- Born: Ishwardi, Rajshahi, Bangladesh
- Education: Ph.D. in chemical engineering
- Alma mater: Massachusetts Institute of Technology, University of Southern California
- Occupation: Scientist
- Title: Associate Branch Head, Instrument Systems Engineering Branch NASA Goddard Space Flight Center
- Awards: IRAD Innovator of the Year

= Mahmooda Sultana =

Bangladeshi American scientist

Mahmooda Sultana is a Bangladeshi-American scientist working for NASA Goddard Space Flight Center. She leads a team which won a $2 million technology development award for a nanomaterial-based detector platform in 2019. Sultana became a NASA research engineer in 2010. She received her PhD in chemical engineering in 2010 from Massachusetts Institute of Technology and BSc in chemical engineering and mathematics from University of Southern California summa cum laude. She joined NASA Goddard Space Flight Center in 2010. She has led the development of graphene-based detectors at NASA Goddard. Her research interests include graphene, nanomaterials, micro-electro-mechanical systems (MEMs) devices, and sensors.

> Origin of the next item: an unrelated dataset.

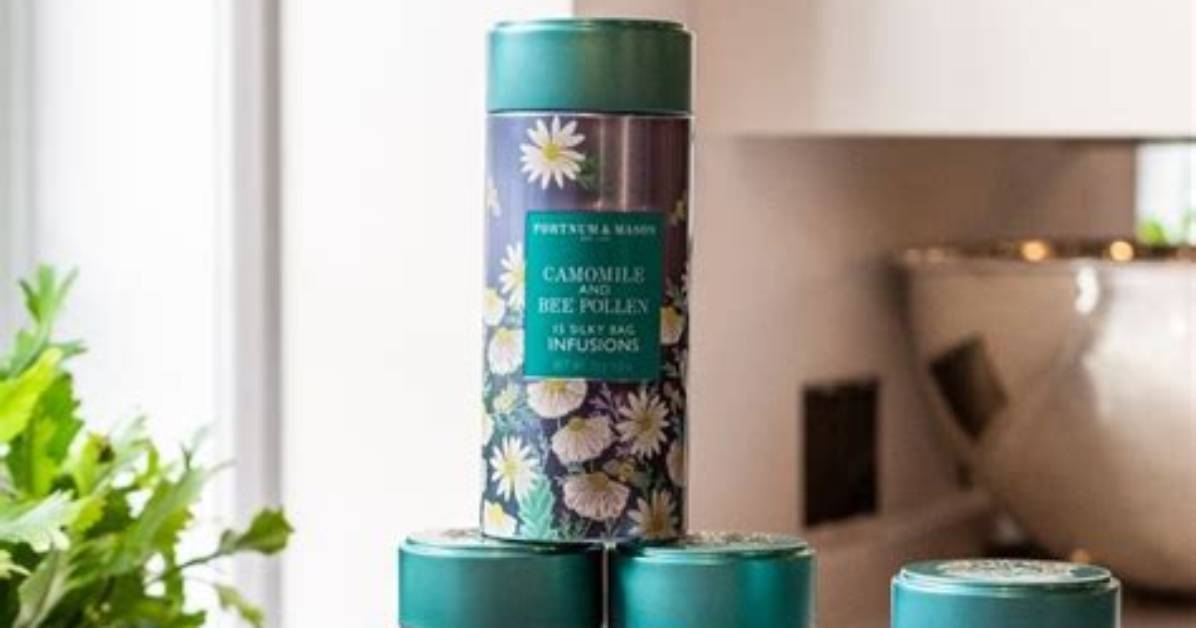 From Botanical Tea Infusions to Viral Vanity the Rise of Cold Brew Oolong Eye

==Early life and education==
Sultana immigrated to California with her family as a teen. Her work on nano-materials and processes
to make detectors and device that could have applications in space. She has expanded her research interests into quantum dots and 3D printing.

==Awards==

She has received numerous awards for her work, including NASA GSFC Innovator of the Year Award, Robert H Goddard Award for technology development work, Group Achievement Award for James Webb Telescope, NASA Early Career Achievement Medal, Internal Research and Development (ISTD) New Achiever Medal, Bell Laboratories Graduate Research Fellowship, NSF Graduate Research Fellowship, and WmC and Margaret H. Rousseau Fellowship at MIT.